- Died: between 646 and 657
- Burial: San Roman de Ornija
- Spouse: Chindasuinth

= Recciberga =

Recciberga (also spelled: Reciberga or Reciverga, Latin: Rekiverga; died between October 18, 646 and November 13, 657) was Queen of the Visigoths (not later than 646 - not later than 657) by marriage to Chindasuinth or Recceswinth.

== Life ==
Her existence is confirmed by two sources. The first is a royal charter. dated 646, and the second is her epitaph

Recciberga's lineage is not mentioned in any of the documents. She could have been from an important Visigoth noble family, and she could have been possibly related to Rikimir.

On October 18, 646 King Chindasuinth issued a charter to the abbot of a monastery near El Bierzo, mentioning Recciberga as a queen. There is still some dispute between medievalists as to the authenticity of this document, though. The charter appears as follows:“Domnis sanctis gloriosissimis mihique post Deum fortissimis patronis sanctorum martyrum Iusti et Pastoris sive sancte Marie et sancti Martini episcopi, quorum basilica, vel monasterium situm est juxta rivulum quod dicitur Molina, sub monte Irago, in confinio Vergidensi, et est fundamentum ipsum monasterium a tibi Fructuoso Abbate, ego Chindasvintux rex and Reciverga regina"Her epitaph, written by Archbishop Eugene of Toledo, records her as having been married to the king for seven years.

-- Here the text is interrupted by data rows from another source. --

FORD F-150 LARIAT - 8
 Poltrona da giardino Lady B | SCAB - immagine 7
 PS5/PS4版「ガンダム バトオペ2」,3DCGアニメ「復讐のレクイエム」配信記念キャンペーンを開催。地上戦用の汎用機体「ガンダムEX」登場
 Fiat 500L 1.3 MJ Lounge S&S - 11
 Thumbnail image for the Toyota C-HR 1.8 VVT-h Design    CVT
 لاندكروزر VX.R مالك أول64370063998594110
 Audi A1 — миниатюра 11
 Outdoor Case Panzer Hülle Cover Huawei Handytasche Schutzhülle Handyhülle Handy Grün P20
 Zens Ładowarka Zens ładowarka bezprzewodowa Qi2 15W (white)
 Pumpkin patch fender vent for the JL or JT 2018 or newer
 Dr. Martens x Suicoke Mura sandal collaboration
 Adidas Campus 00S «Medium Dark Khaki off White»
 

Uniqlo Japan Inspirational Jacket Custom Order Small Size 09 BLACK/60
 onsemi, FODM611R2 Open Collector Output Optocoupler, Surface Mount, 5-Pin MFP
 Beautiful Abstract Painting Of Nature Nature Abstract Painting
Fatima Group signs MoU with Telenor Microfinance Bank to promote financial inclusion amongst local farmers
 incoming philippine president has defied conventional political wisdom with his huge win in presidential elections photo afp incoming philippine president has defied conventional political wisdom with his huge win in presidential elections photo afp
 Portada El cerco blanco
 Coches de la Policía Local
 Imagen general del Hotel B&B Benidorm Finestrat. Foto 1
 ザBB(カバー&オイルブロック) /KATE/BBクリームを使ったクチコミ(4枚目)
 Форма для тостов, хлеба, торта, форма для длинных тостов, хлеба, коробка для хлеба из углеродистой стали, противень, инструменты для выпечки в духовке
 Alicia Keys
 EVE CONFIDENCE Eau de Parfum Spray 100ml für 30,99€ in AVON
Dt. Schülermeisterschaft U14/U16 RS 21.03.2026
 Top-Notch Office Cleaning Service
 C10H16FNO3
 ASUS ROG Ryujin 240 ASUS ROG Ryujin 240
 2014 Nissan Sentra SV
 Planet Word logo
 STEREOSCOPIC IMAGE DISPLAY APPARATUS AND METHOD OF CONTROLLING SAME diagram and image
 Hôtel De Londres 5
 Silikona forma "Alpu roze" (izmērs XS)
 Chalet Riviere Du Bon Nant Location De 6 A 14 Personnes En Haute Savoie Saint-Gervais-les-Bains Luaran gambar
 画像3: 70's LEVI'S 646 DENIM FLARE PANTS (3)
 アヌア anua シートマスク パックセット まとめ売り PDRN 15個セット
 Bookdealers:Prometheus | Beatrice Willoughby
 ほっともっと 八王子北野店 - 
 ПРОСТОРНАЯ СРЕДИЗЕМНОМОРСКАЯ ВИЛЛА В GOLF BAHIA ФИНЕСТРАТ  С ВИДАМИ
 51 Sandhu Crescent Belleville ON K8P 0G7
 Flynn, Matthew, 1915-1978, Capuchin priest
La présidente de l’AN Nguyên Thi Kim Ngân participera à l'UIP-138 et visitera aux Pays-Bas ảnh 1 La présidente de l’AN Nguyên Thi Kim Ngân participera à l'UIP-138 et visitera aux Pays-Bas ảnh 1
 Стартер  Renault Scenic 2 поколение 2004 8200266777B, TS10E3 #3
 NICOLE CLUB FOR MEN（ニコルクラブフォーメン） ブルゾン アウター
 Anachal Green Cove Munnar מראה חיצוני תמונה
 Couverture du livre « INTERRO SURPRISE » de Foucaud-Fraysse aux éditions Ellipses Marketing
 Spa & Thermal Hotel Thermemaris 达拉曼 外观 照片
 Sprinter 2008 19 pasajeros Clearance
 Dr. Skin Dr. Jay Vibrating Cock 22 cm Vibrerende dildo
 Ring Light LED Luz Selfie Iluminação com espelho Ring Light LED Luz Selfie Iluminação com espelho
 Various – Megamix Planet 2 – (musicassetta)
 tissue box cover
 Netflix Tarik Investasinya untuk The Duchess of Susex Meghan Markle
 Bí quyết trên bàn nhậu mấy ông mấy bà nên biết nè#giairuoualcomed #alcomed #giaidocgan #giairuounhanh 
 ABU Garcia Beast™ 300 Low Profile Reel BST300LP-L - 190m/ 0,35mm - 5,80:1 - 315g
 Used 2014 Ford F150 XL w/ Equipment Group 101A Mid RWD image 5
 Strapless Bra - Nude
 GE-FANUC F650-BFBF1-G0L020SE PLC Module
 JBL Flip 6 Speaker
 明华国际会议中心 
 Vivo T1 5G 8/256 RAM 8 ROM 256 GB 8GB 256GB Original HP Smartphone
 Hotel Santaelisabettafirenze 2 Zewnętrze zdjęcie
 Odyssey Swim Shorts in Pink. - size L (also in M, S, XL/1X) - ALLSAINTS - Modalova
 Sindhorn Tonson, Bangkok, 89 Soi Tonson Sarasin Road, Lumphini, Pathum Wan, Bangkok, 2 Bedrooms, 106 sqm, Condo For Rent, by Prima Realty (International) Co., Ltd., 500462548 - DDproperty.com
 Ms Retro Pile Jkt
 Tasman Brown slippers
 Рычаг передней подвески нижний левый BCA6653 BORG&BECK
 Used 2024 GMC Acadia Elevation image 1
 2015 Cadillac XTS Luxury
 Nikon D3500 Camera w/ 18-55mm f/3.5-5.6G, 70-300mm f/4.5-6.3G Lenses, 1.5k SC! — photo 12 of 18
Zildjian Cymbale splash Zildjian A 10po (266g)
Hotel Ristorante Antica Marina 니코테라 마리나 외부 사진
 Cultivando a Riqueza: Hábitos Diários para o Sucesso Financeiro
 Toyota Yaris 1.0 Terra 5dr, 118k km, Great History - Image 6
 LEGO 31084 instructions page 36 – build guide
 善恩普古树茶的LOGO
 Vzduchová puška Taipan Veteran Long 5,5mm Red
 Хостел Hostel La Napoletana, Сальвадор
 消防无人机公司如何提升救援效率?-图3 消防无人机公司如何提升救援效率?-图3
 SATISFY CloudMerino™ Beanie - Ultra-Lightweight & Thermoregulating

There is no current consensus among historians about which of the rulers of the Visigothic kingdom was married to Recciberga. Some medievalists consider her the wife of King Chindasuinth, who ruled the Visigoths in 642-653, and suggest that Recciberga was the mother of his eldest son and heir, Recceswinth. Other historians call her the wife of Recceswinth. They believe that the first mention of her as a queen dates back to the time when her husband was co-ruler with his father, and also had a royal title. In this case, Recciberga should have died long before her husband, who died on September 1, 672. There is no evidence of the married life of King Recceswinth in medieval sources, and as so it is assumed he died childless.

== Death ==
She died abruptly at the age of twenty-two years and eight months, according to her epitaph. The exact date of her death is unknown, but it is assumed that she should have died no earlier than 646, when she was mentioned in the charter, and no later than November 13, 657, the date of the death of Eugene of Toledo.